Senator George McGovern Addresses Police Foundation, Urges Normalization with Cuba
Ever the diplomat, Senator George McGovern opened his address to the Marco Police Foundation by saying he chose to move to Marco Island because he heard there was so little crime.
The senator reminisced about growing up in South Dakota during difficult times, dust storms, and a depression.
"In the '30s we didn't have money. I don't remember feeling poor," he said, "because no one else had money either."
In Mitchell High School he soon traded a position on the football team for the debating team.
"I must have realized it would be good for public life."
When asked if he missed the Senate, McGovern said that there are days when he feels a "tug" for the quarter century he spent there, and most of all he misses the storytelling ability of the old southern Democrats like "Judge" Senator Sam Irving of North Carolina.
McGovern related how a course in music appreciation had him glued to the radio to write a critique of the New York Philharmonic Orchestra, on Dec. 7, 1941, when the program was interrupted to announce the Japanese had bombed Pearl Harbor.
"I didn't know where Pearl Harbor was," he admitted, "but I instinctively knew I'd enlist."
McGovern and nine other young men went to Omaha, Neb. to be recruited.
"The 10 of us decided to be fighter pilots," he said. "Then we heard the Army was giving out free meal tickets - that's the cheapest I've ever sold out!"
He flew many bombing missions and recalled one frightening incident when his plane was hit over Austria and he had to hobble back to base.
Forty years later, as a visiting professor at the University of Innsbruck, a journalist who heard he had flown missions over Austria requested an interview. Reluctantly, McGovern agreed.
"Sir, do you ever regret bombing beautiful cities like Vienna, Salzburg, Innsbruck?" he was asked.
"Nobody likes war, it's a terrible thing. Hitler was a terrible monster. Austria was thoroughly integrated. No, I don't regret it. One thing I regret: we took a beating and as we started to come down, I realized our number 10 bomb didn't fall and we'd have to get rid of it. It was high noon and the bomb fell in the middle of an Austrian farm. When I got back to base, I got a cable telling me my wife had given birth to our first child. I thought to myself that I had killed a young German family in exchange."
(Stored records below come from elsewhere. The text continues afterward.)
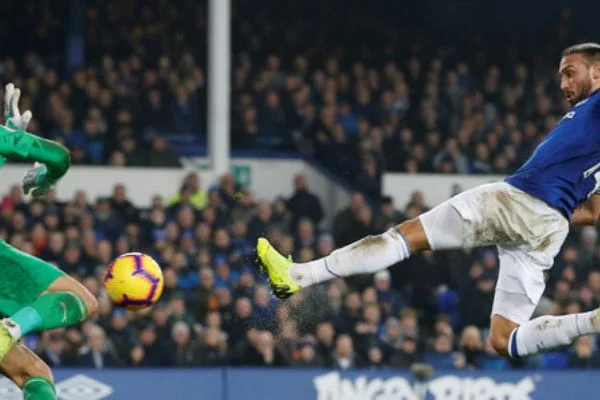 Cenk Tosun Beşiktaş'a mı dönüyor?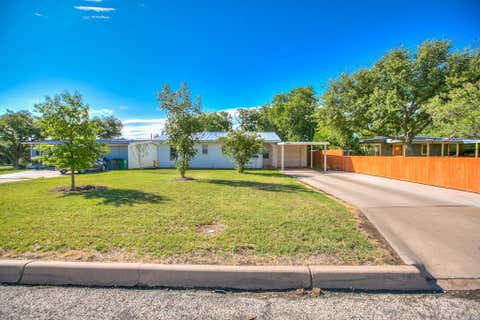 Homes For Sale - 2609 W Harris Avenue<br/> San Angelo, TX 76901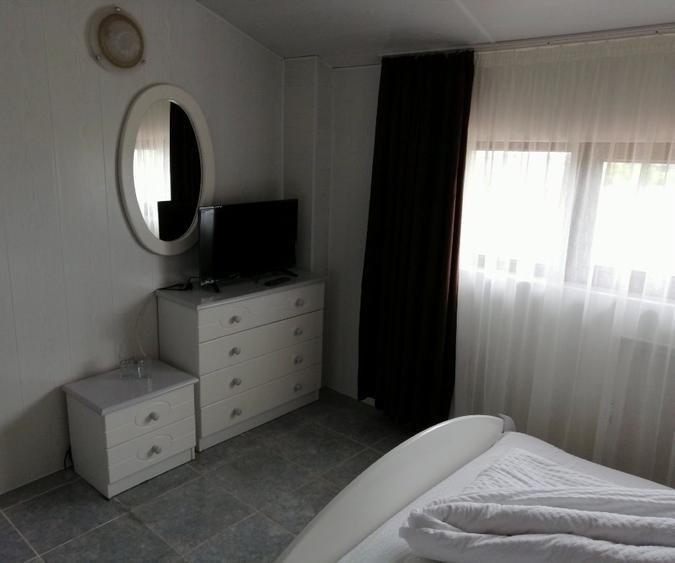 Pensiune 35 de camere  - 4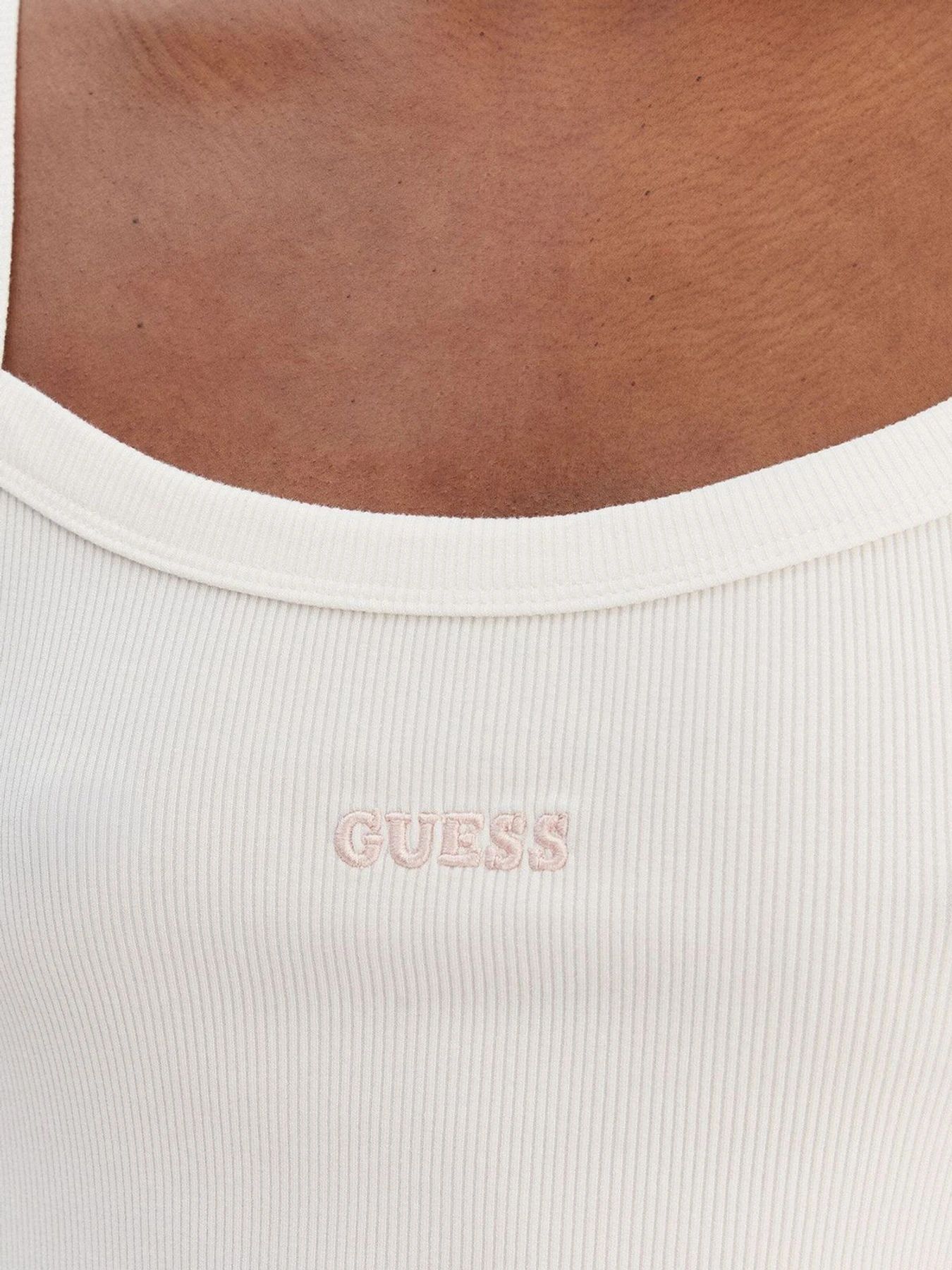 Футболки і поло GUESS модель V6GP16.K3180;G018 Футболки і поло GUESS модель V6GP16.K3180;G018 Фото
That night in Innsbruck, an elderly Austrian farmer called the television station.
"Tell the American," he instructed them, "that it was my farm he hit. We saw the lone, crippled bomber - I got my wife and three children out of the house and we got down in a ditch. None of us were hurt. We detested Adolf Hitler. It was OK with us."
"Forty years later, I had redemption," McGovern said.
The senator discussed feeling "isolated" in Marco Island, surrounded by Republicans.
"If you think Marco Island is a stronghold of Republicans," he laughed, "you should have seen South Dakota: two Democrats and 108 Republicans. I knew I'd have to work hard in 1972, as no Republican or Democrat, especially a junior senator, had ever run in South Dakota - especially against an entrenched Republican president.
"I've never been against Republicans," he said. "My parents were both Republicans. My father was a Methodist minister, and during the war when his parishioners came and raved about the President, I recall his saying, 'Remember, the man is doing the best he can.'"
McGovern said to this day he has no regrets about saying what he thought: "No one today thinks Viet Nam was a good idea. I felt I did nothing more patriotic than speak against that ill-conceived, ill-begotten war. I cannot walk along that black marble wall in Washington without choking up."
Currently, McGovern endorses General Clark as "a well qualified person. In politics and in government, as Jack Kennedy said, there's no substitute for brains. Clark graduated in first place from West Point and went on to be a Rhodes Scholar.
"Democrats are accused of being weak in defense and national security. Clark is a four-star, decorated general who should be immune to that innuendo. He's a very tough, very capable candidate."
When asked about Cuba, McGovern said he would recognize the country and set up normal relations with them.
"We recognize China and Russia - I'd give Cuba the same consideration. It's in our best interest to have embassies and trade with Moscow and Beijing. If we're afraid of Castro, we need to have trained American foreign service officers watching him. I wouldn't let a handful of Cuban refugees in Miami dictate our policy. We haven't been in Cuba so we don't really know what's going on there. Since I don't have any interest in running for president, I don't have to worry about what I say. I say the same thing now I did then - I stand alone."
Republican or Democrat, McGovern was hardly alone when the audience stood to applaud him warmly.